··· Given entries

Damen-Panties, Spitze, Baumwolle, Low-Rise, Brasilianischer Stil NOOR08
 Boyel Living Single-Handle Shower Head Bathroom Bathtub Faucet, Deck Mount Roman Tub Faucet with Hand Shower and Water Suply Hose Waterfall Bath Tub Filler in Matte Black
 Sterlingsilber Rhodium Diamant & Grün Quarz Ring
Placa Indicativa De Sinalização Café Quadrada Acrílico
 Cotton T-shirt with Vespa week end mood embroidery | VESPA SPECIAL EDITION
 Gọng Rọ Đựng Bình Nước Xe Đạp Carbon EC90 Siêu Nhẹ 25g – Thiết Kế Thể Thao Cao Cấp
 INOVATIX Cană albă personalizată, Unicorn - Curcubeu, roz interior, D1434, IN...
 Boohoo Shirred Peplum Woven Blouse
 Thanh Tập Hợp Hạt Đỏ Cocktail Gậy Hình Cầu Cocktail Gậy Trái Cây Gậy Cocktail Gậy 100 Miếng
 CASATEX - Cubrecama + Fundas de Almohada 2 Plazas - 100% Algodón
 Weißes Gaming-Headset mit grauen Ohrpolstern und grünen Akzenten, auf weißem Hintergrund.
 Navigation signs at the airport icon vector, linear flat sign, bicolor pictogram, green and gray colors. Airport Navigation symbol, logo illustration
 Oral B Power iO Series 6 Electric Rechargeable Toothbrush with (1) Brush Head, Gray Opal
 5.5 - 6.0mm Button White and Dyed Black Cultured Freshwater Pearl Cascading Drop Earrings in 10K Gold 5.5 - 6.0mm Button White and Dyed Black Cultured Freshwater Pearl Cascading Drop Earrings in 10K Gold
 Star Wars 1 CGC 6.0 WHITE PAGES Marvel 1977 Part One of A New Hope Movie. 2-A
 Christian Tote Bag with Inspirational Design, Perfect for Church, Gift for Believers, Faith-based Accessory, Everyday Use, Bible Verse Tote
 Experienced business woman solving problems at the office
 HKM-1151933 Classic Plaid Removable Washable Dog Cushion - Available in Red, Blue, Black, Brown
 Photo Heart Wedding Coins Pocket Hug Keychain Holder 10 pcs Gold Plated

······

**Action item:**
The result consists of the line with "Gọng Rọ Đựng" through the last line of the entries above, repeated exactly and with nothing else.

**Solution to the exercise:**
 Gọng Rọ Đựng Bình Nước Xe Đạp Carbon EC90 Siêu Nhẹ 25g – Thiết Kế Thể Thao Cao Cấp
 INOVATIX Cană albă personalizată, Unicorn - Curcubeu, roz interior, D1434, IN...
 Boohoo Shirred Peplum Woven Blouse
 Thanh Tập Hợp Hạt Đỏ Cocktail Gậy Hình Cầu Cocktail Gậy Trái Cây Gậy Cocktail Gậy 100 Miếng
 CASATEX - Cubrecama + Fundas de Almohada 2 Plazas - 100% Algodón
 Weißes Gaming-Headset mit grauen Ohrpolstern und grünen Akzenten, auf weißem Hintergrund.
 Navigation signs at the airport icon vector, linear flat sign, bicolor pictogram, green and gray colors. Airport Navigation symbol, logo illustration
 Oral B Power iO Series 6 Electric Rechargeable Toothbrush with (1) Brush Head, Gray Opal
 5.5 - 6.0mm Button White and Dyed Black Cultured Freshwater Pearl Cascading Drop Earrings in 10K Gold 5.5 - 6.0mm Button White and Dyed Black Cultured Freshwater Pearl Cascading Drop Earrings in 10K Gold
 Star Wars 1 CGC 6.0 WHITE PAGES Marvel 1977 Part One of A New Hope Movie. 2-A
 Christian Tote Bag with Inspirational Design, Perfect for Church, Gift for Believers, Faith-based Accessory, Everyday Use, Bible Verse Tote
 Experienced business woman solving problems at the office
 HKM-1151933 Classic Plaid Removable Washable Dog Cushion - Available in Red, Blue, Black, Brown
 Photo Heart Wedding Coins Pocket Hug Keychain Holder 10 pcs Gold Plated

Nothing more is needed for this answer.